Some women will go to great lengths to perfect their image. Whether it involves performing DIY plastic surgery or living off of cotton balls–the quest for perfection has truly reached new heights of ultimate lows.

Body Dysmorphia is a mental illness commonly associated with weight loss obsession, but more accurately the disease encompasses a disillusion with one’s appearance, specifically with skin, hair, and nose. Those that suffer from body dysmorphia constantly attempt to improve what they view as a major flaw, even if others are unable to detect their “glaring” flaw.

We all have our own ideas of what constitutes beauty, but what are we willing to sacrifice to become picture perfect? At what point do we question society’s unhealthy beauty perceptions and obsession with the allure of supermodels or video vixens? Obviously not everyone who seeks to improve his or her appearance suffers from body dysmorphia. Working towards looking your personal best can be a positive thing, but only when enhancing your natural beauty is the ultimate goal as opposed to recreating yourself by any means necessary.

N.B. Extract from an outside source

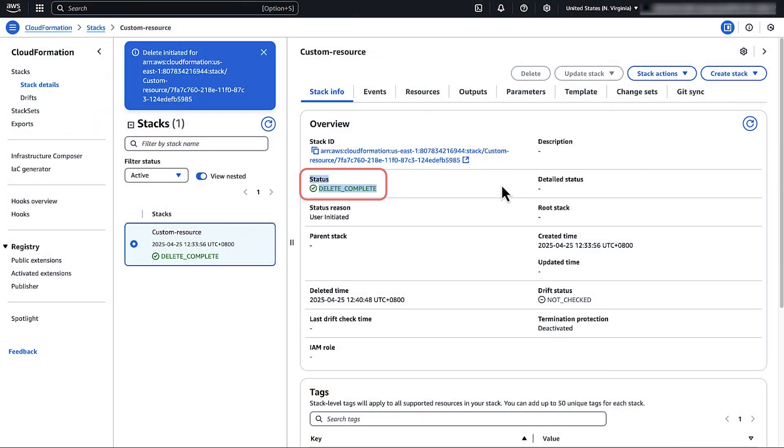The stack status will then change to delete complete. Your custom resource isn't a physical resource, so you don't need to clean up your custom resource after you delete the stack.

It has long been reported that when women seeking cosmetic enhancement want to fly under the radar, a trip to South America is the best way to go. Surgeries performed in countries like Argentina or Brazil occur at a fraction of the cost, but often at greater risk. For women of color, healthy body proportions have always been seen as a symbol of beauty, but the accessibility of cosmetic surgery has tainted perceptions of when enough is enough. In an effort to plump their derrieres, some women seek the help of “doctors” willing to inject them with silicone, a procedure that is illegal in most countries. Butt implants are also popular, but if done improperly can lead to death. Solange Magnano, a former Miss Argentina, died because of complications from a botched butt enhancement procedure performed in Argentina. More recently Tameka Raymond, Usher’s ex-wife, revealed her experience with a liposuction procedure performed in Brazil that temporarily left her in a medically induced coma.

The Cotton Ball Diet

When Sessilee Lopez’s mother, Janice Celeste, came out with the book Making a Supermodel, it was meant to be a guide for aspiring models. Undoubtedly the book is chock full of juicy tidbits about breaking into the industry, but what shocked many was Celeste’s candidness about the ugliness of beauty. As detailed in the book, the cotton ball diet consists of models dipping cotton balls in orange juice and swallowing them to feel full. Although Celeste has tried to keep her knowledge of the diet’s followers discreet, some wonder how close to home Celeste’s experience with this diet could be?


Being born with a set of naturally thick eyebrows is seen as advantageous in the beauty world. When thick brows are properly groomed, they have the ability to add symmetry to the face. Unfortunately, not everyone was blessed with a set of Jourdan Dunn brows, so leave it to those with a daring heart to reinvent uses for the potent topical medicine Rogaine. To plump sparse brows, it is suggested that applying Men’s Extra Strength Rogaine makes brows grow supermodel thick. Of course there is a catch. Besides the fact that the product is not approved for eyebrow growth and the potential danger of getting the product in your eyes, if Rogaine is accidentally spilled on other parts of the skin, you can potentially experience hair growth on the affected area. Did somebody say, chick moustache?

Botox and Fillers

In 2002, when Botox was approved by the FDA it was marketed as the magical solution to wrinkles. Restylane and Juvederm were soon added to the market, and with that a shift to using fillers as a preventative measure for women as young as 20 became the new trend for the beauty obsessed. With the rise in popularity of doctor performed filler treatments, it was only a matter of time before patients found a more cost-effective alternative: self-injection. Women who want the look of fillers without the cost have turned to filling their own wrinkles with commonly used cooking oils and silicone. Not only is this practice potentially life threatening, but it can also be disfiguring with unlicensed medical practitioners injecting themselves, and potential victims, in the wrong areas. Although some fillers are absorbed into the body (still a scary concept), others leave remnants of the product in the form of plastic particles trapped in your body. Aspiring hip-hop dancer Claudia Aderotimi died of a heart attack shortly after receiving silicone injections in her butt by a traveling unlicensed medical practitioner. What could have caused a 20-year-old to seek such drastic measures? Aderotimi wanted a more pronounced behind so that she could pursue a career as a hip-hop video girl.


It used to be that eating a well-balanced diet, drinking a plethora of water, and saying a prayer before bed was the best shot at experiencing hair growth. Though many vitamins, potions, and lotions claimed to work wonders, few (if any) ever lived up to their claims. Viviscal hair vitamins have a cult like following, with fans of the product claiming that the miracle vitamin can apparently make your mane strong and long… but what’s the catch? Although Viviscal’s ingredients trump natural vitamins, minerals, and extracts–it also contains a “Marine Complex,” a blend of cod, English whiting, and shark. Viviscal’s tagline is say goodbye to thinning hair- but maybe vanity at the sake of endangering a species would be more appropriate.